Das weitergeführte Artensofortprogramm als Programm „NaturWasserMensch“ ist Ausweis einer Kontinuität in dieser Arbeit und zeigt auch, dass uns der Artenschutz nicht nichts angeht, sondern dass er uns alle etwas angeht. Ich finde, dass der neue Titel durchaus den engen Zusammenhang der unterschiedlichen Faktoren Natur, Wasser, Mensch beschreibt. 

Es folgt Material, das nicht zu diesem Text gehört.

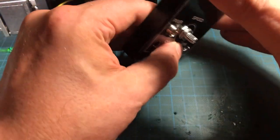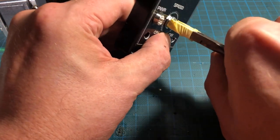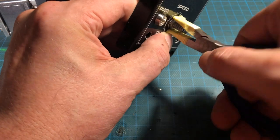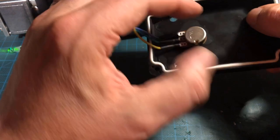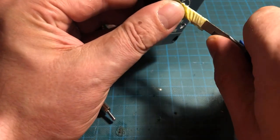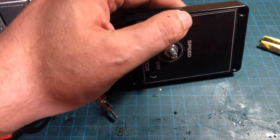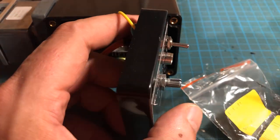Now it was time to mount the LED socket, the potentiometer, and the switches. I ran the motor while doing this to see if the switches were in the right position.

Bewahrung der Schöpfung ist keine bloße Floskel, sondern ein Leitspruch und eine Haltung. Wir werden den Antrag der GRÜNEN - ich denke, ich spreche auch für die Kolleginnen und Kollegen - und den Antrag der Linksfraktion gern in den Ausschuss überweisen, um dort weiter darüber zu diskutieren, damit wir wissen, wo Handlungsnotwendigkeiten sind und an welcher Stelle Dinge vielleicht einfach nur verstärkt, aber nicht neu aufgesetzt werden müssten. - Ich danke für Ihre Aufmerksamkeit.